Обогнув машину сзади, пулей выскочило чудовище – мой спаситель. Он остановился около дверцы, за которой сидел полуживой я, и тяжело посмотрел мне в глаза – не мигая, не отводя своих глаз, еще красных в белках… Я чуть не вскрикнул, а, может, и вскрикнул, не помню: дикарь, мой спаситель был… Абреком! Да, да, собакой Сулеймана, почти день пролежавшей за моей спиной, вздыхавшей, как мой загнанный жизнью отец… Я похолодел, я, посмеивающийся с ехидством атеиста над любыми проявлениями слепой веры и мистики, в этот миг сам стал мистиком на всю оставшуюся жизнь! Уже потом, прокручивая вновь и вновь в обратном и в последовательном направлении все детали этой кошмарной драмы, я поражался только одному – каким образом этот Абрек, лежавший живым трупом за моей спиной и не пошевелившийся даже тогда, когда мы пошли к машине и отъехали, мог угадать каждый мой дальнейший шаг, один из которых привел меня в балку. Что и кто он? Собака или провидец в облике собаки, провидец, знавший, что будет, и что должен сделать он, чтобы этого “будет” не случилось. И чем я заслужил это, если это так? Имел ли он до этого контакт с “дикарями”, теми, что напали на меня, и на каком языке он объяснился с ними до и потом, став предателем в шайке и спасителем на миру… Голова шла кругом и тогда, когда я завел мотор и тронул с места. Чтобы свести меня с ума окончательно, старый волкодав “тронул с места” одновременно со мной, и не в силах прижать акселератор, мы – я в машине, он по обочине дороги – “ехали” так с километр; при этом он смотрел на меня, в мои глаза, и этот взгляд просил у меня нечто неизмеримо меньшее и неизмеримо большее, чем просто благодарность за подвиг, может, последний, в его, теперь уже никудышней жизни… Чтобы меня окончательно не приняли за сумасшедшего мой друг и девочки, я разговаривал с волкодавом молча; о чем говорил его взгляд, я мог только предполагать и догадываться. Я же шептал слова, какие говорит Богу слепой, став зрячим, мертвый, став живым, живой – бессмертным! Это тоже была пытка, добрая, но пытка, и включив третью, а затем четвертую, я со свистом понесся по трассе к городу…

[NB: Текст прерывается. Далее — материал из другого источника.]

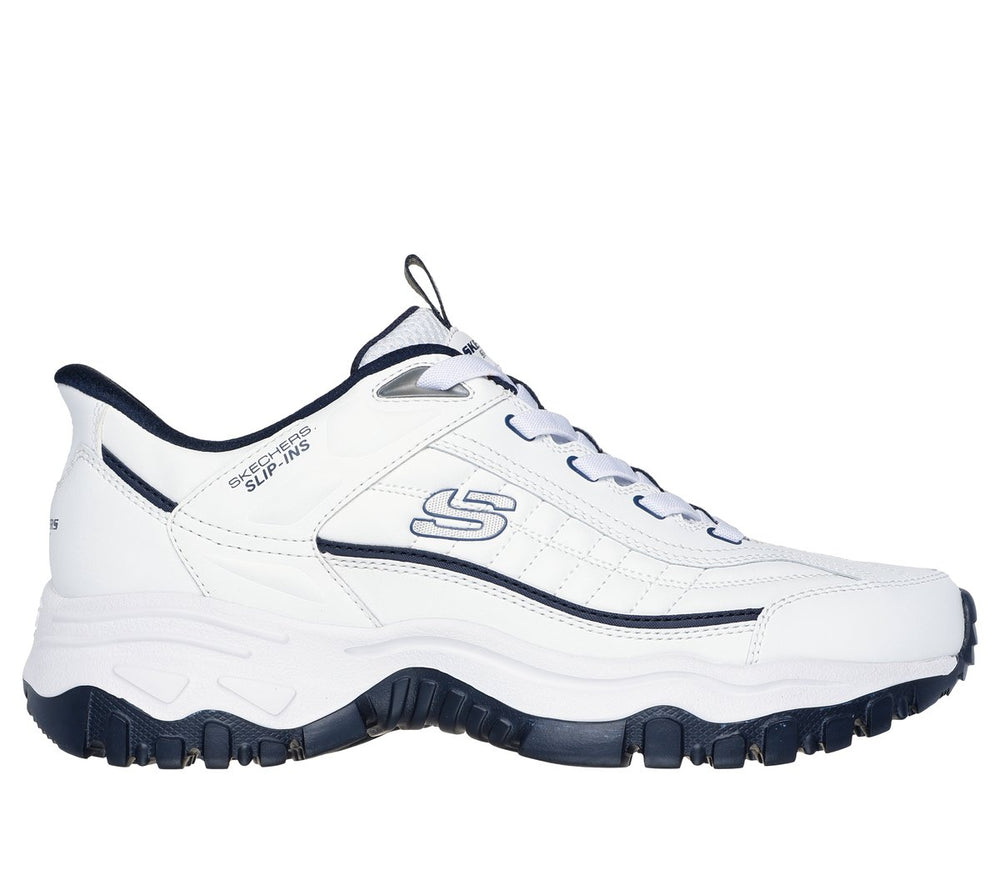 Slip-ins: E'Lite Afterburn - Grill Corporal Skechers on sale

Конечно, и девочки, и Султан не могли ничего понять, спрашивали -“что же все-таки произошло?”- возможно, даже обиделись на меня, но есть вещи, о которых не говорят никогда, их уносят с собой в могилу… Слишком фантастическим был случай, чтобы услышав, мне поверили, слишком дорогой ценой заплатил я за пережитое, чтобы дарить боль ветру, а самой потаенной причиной моего молчания была новообретенная bep` в то, что Абрек, вздыхающий, как отец, и был моим покойным отцом, ожившим в существе, спасшем мне жизнь, мою жизнь в жизни, как таковой, – простой и непостижимой, какой она была, есть и пребудет!